### ASSIGNMENT
Take the entries below and return them unchanged.

### SOURCE DATA
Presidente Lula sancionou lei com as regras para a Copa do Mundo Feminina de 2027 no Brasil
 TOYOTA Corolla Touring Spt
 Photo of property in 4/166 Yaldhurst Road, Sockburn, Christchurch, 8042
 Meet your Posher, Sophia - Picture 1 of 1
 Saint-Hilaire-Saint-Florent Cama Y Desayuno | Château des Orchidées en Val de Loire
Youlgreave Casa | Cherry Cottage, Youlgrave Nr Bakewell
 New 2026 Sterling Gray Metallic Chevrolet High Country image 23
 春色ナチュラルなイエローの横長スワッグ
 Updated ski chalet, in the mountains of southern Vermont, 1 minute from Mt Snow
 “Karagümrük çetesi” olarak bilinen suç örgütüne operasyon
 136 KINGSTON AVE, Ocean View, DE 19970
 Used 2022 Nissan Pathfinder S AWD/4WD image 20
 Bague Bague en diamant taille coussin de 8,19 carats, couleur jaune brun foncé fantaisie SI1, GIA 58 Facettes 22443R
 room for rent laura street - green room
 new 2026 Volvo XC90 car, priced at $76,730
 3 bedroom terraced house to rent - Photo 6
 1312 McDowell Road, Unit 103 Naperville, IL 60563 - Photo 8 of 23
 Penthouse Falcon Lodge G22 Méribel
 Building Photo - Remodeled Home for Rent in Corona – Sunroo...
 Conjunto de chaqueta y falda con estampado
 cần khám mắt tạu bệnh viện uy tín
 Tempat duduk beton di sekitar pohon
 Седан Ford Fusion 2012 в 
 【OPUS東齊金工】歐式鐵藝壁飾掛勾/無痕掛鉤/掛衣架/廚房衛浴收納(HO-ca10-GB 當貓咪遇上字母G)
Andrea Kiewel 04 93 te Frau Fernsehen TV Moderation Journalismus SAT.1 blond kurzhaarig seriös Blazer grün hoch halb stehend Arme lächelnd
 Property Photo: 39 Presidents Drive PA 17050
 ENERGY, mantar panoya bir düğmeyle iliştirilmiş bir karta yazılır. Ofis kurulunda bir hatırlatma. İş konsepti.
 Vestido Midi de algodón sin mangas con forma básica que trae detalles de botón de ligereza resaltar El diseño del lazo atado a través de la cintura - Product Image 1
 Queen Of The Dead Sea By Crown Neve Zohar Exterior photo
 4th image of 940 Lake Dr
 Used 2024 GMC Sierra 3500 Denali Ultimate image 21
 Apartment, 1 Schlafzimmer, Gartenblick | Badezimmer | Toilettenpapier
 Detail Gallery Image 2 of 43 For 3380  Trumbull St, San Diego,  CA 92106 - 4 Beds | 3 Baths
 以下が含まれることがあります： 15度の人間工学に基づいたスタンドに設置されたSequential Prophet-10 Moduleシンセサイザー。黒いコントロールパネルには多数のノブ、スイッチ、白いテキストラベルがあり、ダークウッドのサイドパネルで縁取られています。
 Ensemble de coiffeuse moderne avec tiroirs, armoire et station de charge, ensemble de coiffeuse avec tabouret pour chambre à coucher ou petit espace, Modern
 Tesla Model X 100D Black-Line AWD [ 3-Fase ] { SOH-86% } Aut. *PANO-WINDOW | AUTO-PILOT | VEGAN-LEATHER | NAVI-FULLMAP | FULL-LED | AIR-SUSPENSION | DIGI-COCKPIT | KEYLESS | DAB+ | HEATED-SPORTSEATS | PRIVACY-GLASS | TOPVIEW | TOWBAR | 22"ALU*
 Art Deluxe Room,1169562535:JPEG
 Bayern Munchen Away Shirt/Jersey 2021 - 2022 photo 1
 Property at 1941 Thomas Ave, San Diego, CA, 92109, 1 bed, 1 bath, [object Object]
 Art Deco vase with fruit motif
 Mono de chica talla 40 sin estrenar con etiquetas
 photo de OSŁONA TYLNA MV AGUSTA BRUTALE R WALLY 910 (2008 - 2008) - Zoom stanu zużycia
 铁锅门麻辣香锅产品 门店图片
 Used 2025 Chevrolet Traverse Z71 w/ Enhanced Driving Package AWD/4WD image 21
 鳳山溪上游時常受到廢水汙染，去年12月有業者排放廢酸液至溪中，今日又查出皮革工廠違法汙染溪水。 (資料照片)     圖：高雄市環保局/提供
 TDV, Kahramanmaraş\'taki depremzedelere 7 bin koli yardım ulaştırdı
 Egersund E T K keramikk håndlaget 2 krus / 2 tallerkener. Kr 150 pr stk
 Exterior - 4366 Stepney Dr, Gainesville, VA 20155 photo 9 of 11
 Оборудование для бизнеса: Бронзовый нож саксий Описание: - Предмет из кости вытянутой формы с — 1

### TASK SOLUTION
Presidente Lula sancionou lei com as regras para a Copa do Mundo Feminina de 2027 no Brasil
 TOYOTA Corolla Touring Spt
 Photo of property in 4/166 Yaldhurst Road, Sockburn, Christchurch, 8042
 Meet your Posher, Sophia - Picture 1 of 1
 Saint-Hilaire-Saint-Florent Cama Y Desayuno | Château des Orchidées en Val de Loire
Youlgreave Casa | Cherry Cottage, Youlgrave Nr Bakewell
 New 2026 Sterling Gray Metallic Chevrolet High Country image 23
 春色ナチュラルなイエローの横長スワッグ
 Updated ski chalet, in the mountains of southern Vermont, 1 minute from Mt Snow
 “Karagümrük çetesi” olarak bilinen suç örgütüne operasyon
 136 KINGSTON AVE, Ocean View, DE 19970
 Used 2022 Nissan Pathfinder S AWD/4WD image 20
 Bague Bague en diamant taille coussin de 8,19 carats, couleur jaune brun foncé fantaisie SI1, GIA 58 Facettes 22443R
 room for rent laura street - green room
 new 2026 Volvo XC90 car, priced at $76,730
 3 bedroom terraced house to rent - Photo 6
 1312 McDowell Road, Unit 103 Naperville, IL 60563 - Photo 8 of 23
 Penthouse Falcon Lodge G22 Méribel
 Building Photo - Remodeled Home for Rent in Corona – Sunroo...
 Conjunto de chaqueta y falda con estampado
 cần khám mắt tạu bệnh viện uy tín
 Tempat duduk beton di sekitar pohon
 Седан Ford Fusion 2012 в 
 【OPUS東齊金工】歐式鐵藝壁飾掛勾/無痕掛鉤/掛衣架/廚房衛浴收納(HO-ca10-GB 當貓咪遇上字母G)
Andrea Kiewel 04 93 te Frau Fernsehen TV Moderation Journalismus SAT.1 blond kurzhaarig seriös Blazer grün hoch halb stehend Arme lächelnd
 Property Photo: 39 Presidents Drive PA 17050
 ENERGY, mantar panoya bir düğmeyle iliştirilmiş bir karta yazılır. Ofis kurulunda bir hatırlatma. İş konsepti.
 Vestido Midi de algodón sin mangas con forma básica que trae detalles de botón de ligereza resaltar El diseño del lazo atado a través de la cintura - Product Image 1
 Queen Of The Dead Sea By Crown Neve Zohar Exterior photo
 4th image of 940 Lake Dr
 Used 2024 GMC Sierra 3500 Denali Ultimate image 21
 Apartment, 1 Schlafzimmer, Gartenblick | Badezimmer | Toilettenpapier
 Detail Gallery Image 2 of 43 For 3380  Trumbull St, San Diego,  CA 92106 - 4 Beds | 3 Baths
 以下が含まれることがあります： 15度の人間工学に基づいたスタンドに設置されたSequential Prophet-10 Moduleシンセサイザー。黒いコントロールパネルには多数のノブ、スイッチ、白いテキストラベルがあり、ダークウッドのサイドパネルで縁取られています。
 Ensemble de coiffeuse moderne avec tiroirs, armoire et station de charge, ensemble de coiffeuse avec tabouret pour chambre à coucher ou petit espace, Modern
 Tesla Model X 100D Black-Line AWD [ 3-Fase ] { SOH-86% } Aut. *PANO-WINDOW | AUTO-PILOT | VEGAN-LEATHER | NAVI-FULLMAP | FULL-LED | AIR-SUSPENSION | DIGI-COCKPIT | KEYLESS | DAB+ | HEATED-SPORTSEATS | PRIVACY-GLASS | TOPVIEW | TOWBAR | 22"ALU*
 Art Deluxe Room,1169562535:JPEG
 Bayern Munchen Away Shirt/Jersey 2021 - 2022 photo 1
 Property at 1941 Thomas Ave, San Diego, CA, 92109, 1 bed, 1 bath, [object Object]
 Art Deco vase with fruit motif
 Mono de chica talla 40 sin estrenar con etiquetas
 photo de OSŁONA TYLNA MV AGUSTA BRUTALE R WALLY 910 (2008 - 2008) - Zoom stanu zużycia
 铁锅门麻辣香锅产品 门店图片
 Used 2025 Chevrolet Traverse Z71 w/ Enhanced Driving Package AWD/4WD image 21
 鳳山溪上游時常受到廢水汙染，去年12月有業者排放廢酸液至溪中，今日又查出皮革工廠違法汙染溪水。 (資料照片)     圖：高雄市環保局/提供
 TDV, Kahramanmaraş\'taki depremzedelere 7 bin koli yardım ulaştırdı
 Egersund E T K keramikk håndlaget 2 krus / 2 tallerkener. Kr 150 pr stk
 Exterior - 4366 Stepney Dr, Gainesville, VA 20155 photo 9 of 11
 Оборудование для бизнеса: Бронзовый нож саксий Описание: - Предмет из кости вытянутой формы с — 1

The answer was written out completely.